Hatschek, Berthold

Berthold Hatschek an Haeckel, Prag, 21. November 1896

Prag, 21. November, 1896.

Hochverehrter Meister!

Gestatten Sie, dass ich Sie so nenne, da ich stets bestrebt war aus Ihren meisterhaften Werken so viel als möglich zu lernen.
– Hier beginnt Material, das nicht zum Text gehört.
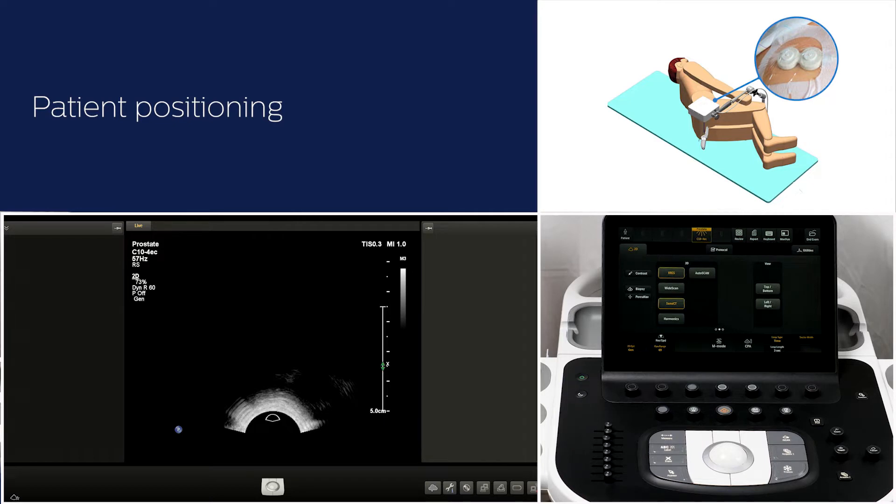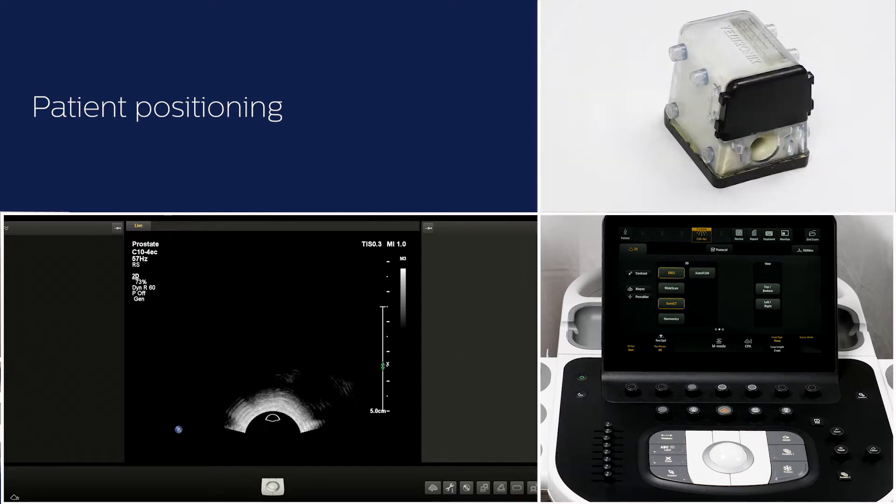Plug in the patient tracker on a stable position like the hip or thigh region. For this demo, I am going to use this prostate phantom and I will place the patient tracker on the phantom.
Ich habe stets als Schüler zu Ihnen aufgeblickt, wenn es mir auch nicht vergönnt war mehr als einzelne Stunden in Ihrem Hörsaale Ihren Worten zu lauschen.
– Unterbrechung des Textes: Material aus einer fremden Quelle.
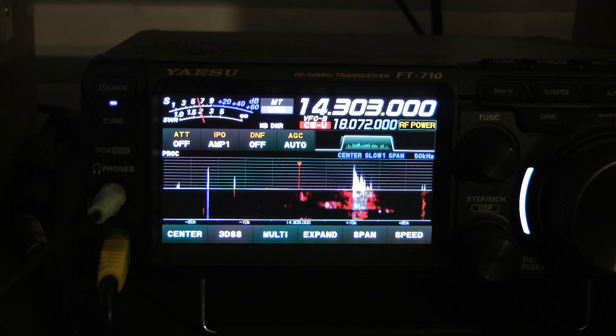Let's listen in and hear a little bit more. We're on the hexbeam right now, and you can tell when I switch to the loop — the signal goes way down.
Sie haben uns Zoologen in Ihrer systematischen Phylogenie ein Fundamentalwerk geboten, welches nicht nur in dem reichen Gedankeninhalt, sondern ebenso auch in der Methodik von unvergänglicher Bedeutung bleiben wird. ||

Für die gütige Zusendung des Widmungsexemplares, durch welche Sie mich geehrt haben, sage ich Ihnen meinen innigsten Dank, ebenso für Ihre neueste höchst interessante Echinodermen-Monographie.

Den Band über die Wirbelthiere habe ich schona genau studirt und ungemein viel Belehrung und Anregung und auch neue Begeisterung für eigenes Weiterarbeiten daraus geschöpft. Sie werden bei der grossen Mannigfaltigkeit des Themas unbedingte Übereinstimmung in Bezug auf jedes Detail nicht erwarten. Aber ich hoffe, dass Sie meine auf das Ganze gerichtete begeisterte Zustimmung freundlich aufnehmen, da ich || selbst auf diesem Gebiete seit Jahren intensiver arbeite und in nächster Zeit auch mehrfach hierin zu publiciren hoffe.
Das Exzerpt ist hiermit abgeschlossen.